Collected data:

----------

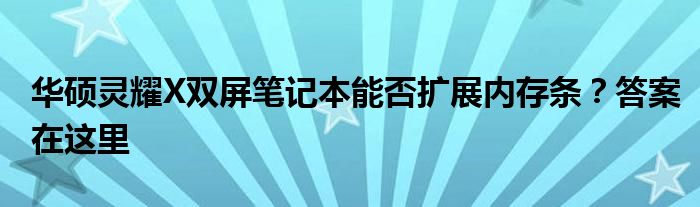 华硕灵耀X双屏笔记本能否扩展内存条？答案在这里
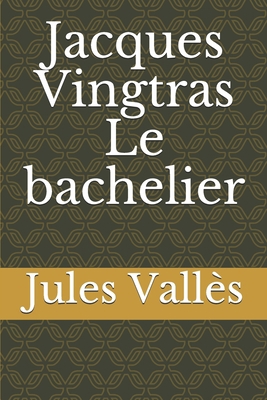 Jacques Vingtras Le bachelier [French] B083XTZC4D Book Cover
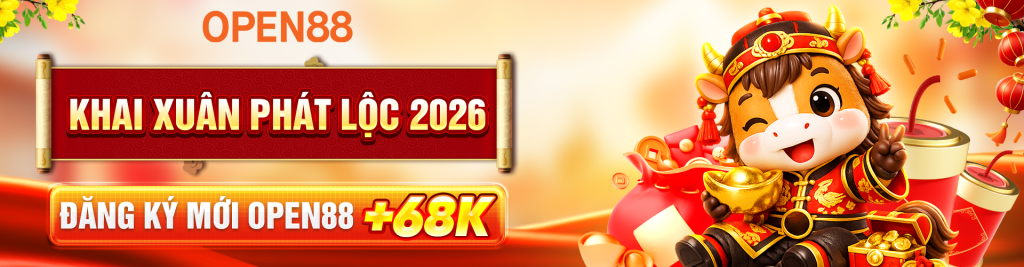 OPEN88 khai xuân phát lộc - Đăng ký mới OPEN88 +68k banner
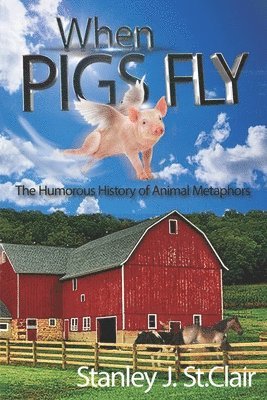 bokomslag When Pigs Fly: The Humorous History of Animal Metaphors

----------

What to work on:
Output the material word for word, omitting its pictures.

Response box:
 华硕灵耀X双屏笔记本能否扩展内存条？答案在这里
 Jacques Vingtras Le bachelier [French] B083XTZC4D Book Cover
 OPEN88 khai xuân phát lộc - Đăng ký mới OPEN88 +68k banner
 bokomslag When Pigs Fly: The Humorous History of Animal Metaphors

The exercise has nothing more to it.